This document is about PowerDNS 4.0. For other versions, please see the documentation index.

PowerDNS Security Advisory 2015-01: Label decompression bug can cause crashes or CPU spikes

A bug was discovered in our label decompression code, making it possible for names to refer to themselves, thus causing a loop during decompression. On some platforms, this bug can be abused to cause crashes. On all platforms, this bug can be abused to cause service-affecting CPU spikes.

We recommend that all users upgrade to a corrected version if at all possible. Alternatively, if you want to apply a minimal fix to your own tree, please find patches here.

As for workarounds, for the Recursor: only clients in allow-from are able to trigger the degraded service, so this should be limited to your userbase; further, we recommend running your critical services under supervision such as systemd, supervisord, daemontools, etc.

There is no workaround for the Authoritative Server.

We want to thank Aki Tuomi for noticing this in production, and then digging until he got to the absolute bottom of what at the time appeared to be a random and spurious failure.
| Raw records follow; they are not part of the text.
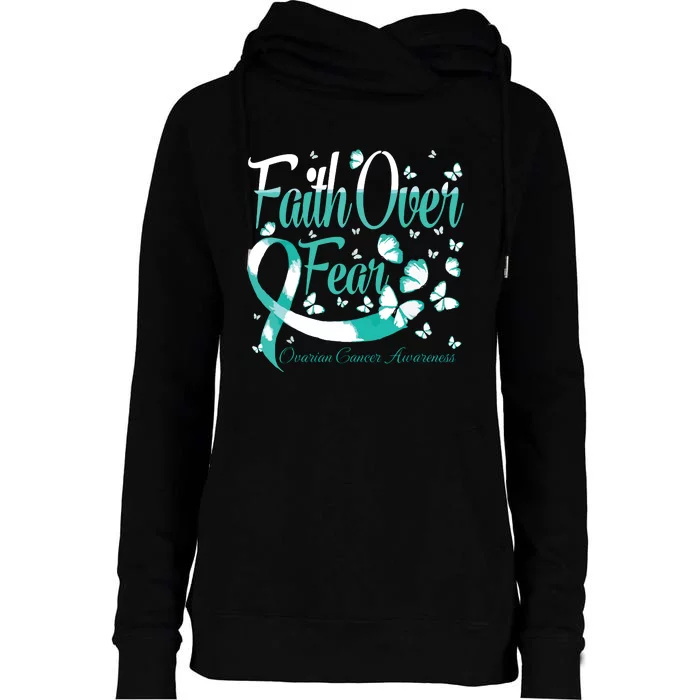 Faith Over Fear Ovarian Cancer Awareness Butterfly Womens Funnel Neck Pullover Hood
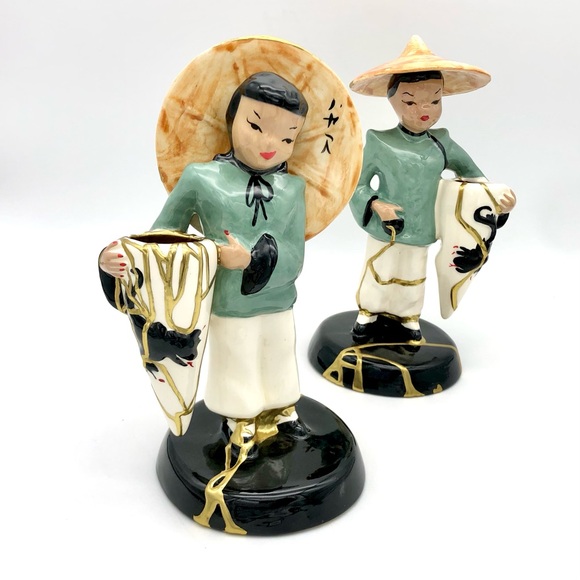 Vilas Asian Statuette Pair Kintsugi Repaired Gold Crack Art Growth Gift MCM - Picture 5 of 16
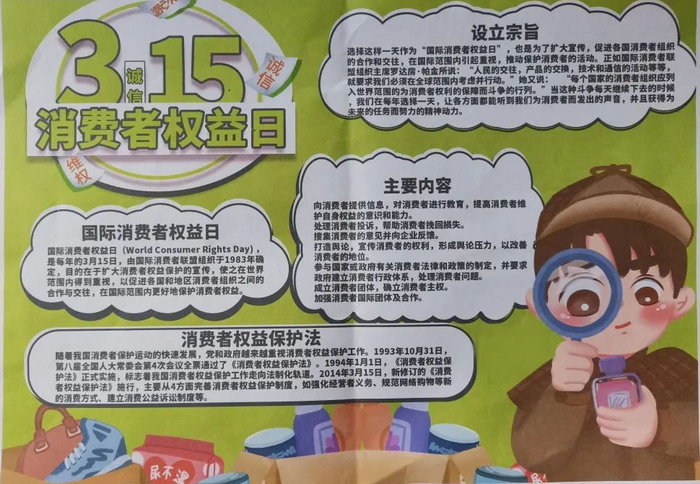 消费者权益保护日主题手抄报怎么画国际消费者权益日是每年的3月15日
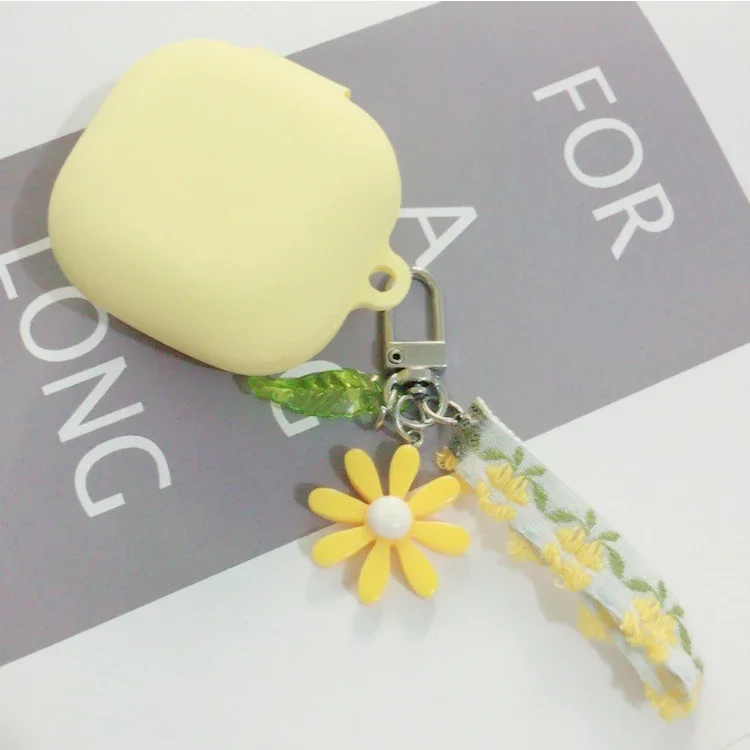 삼성 갤럭시 버즈 라이브/버드 프로 케이스, 럭셔리 한국 레이스 꽃 키링, 실리콘 이어폰 케이스, 삼성 버즈 2 프로 커버용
We want to thank Toshifumi Sakaguchi for further investigation into the issue after the initial announcement, and for demonstrating to us quite clearly the CPU spike issues.

Update 7th of July 2015: Toshifumi Sakaguchi discovered that the original fix was insufficient in some cases. Updated versions of the Authoritative Server and Recursor were released on the 9th of June. Minimal patches are available. The insufficient fix was assigned CVE-2015-5470.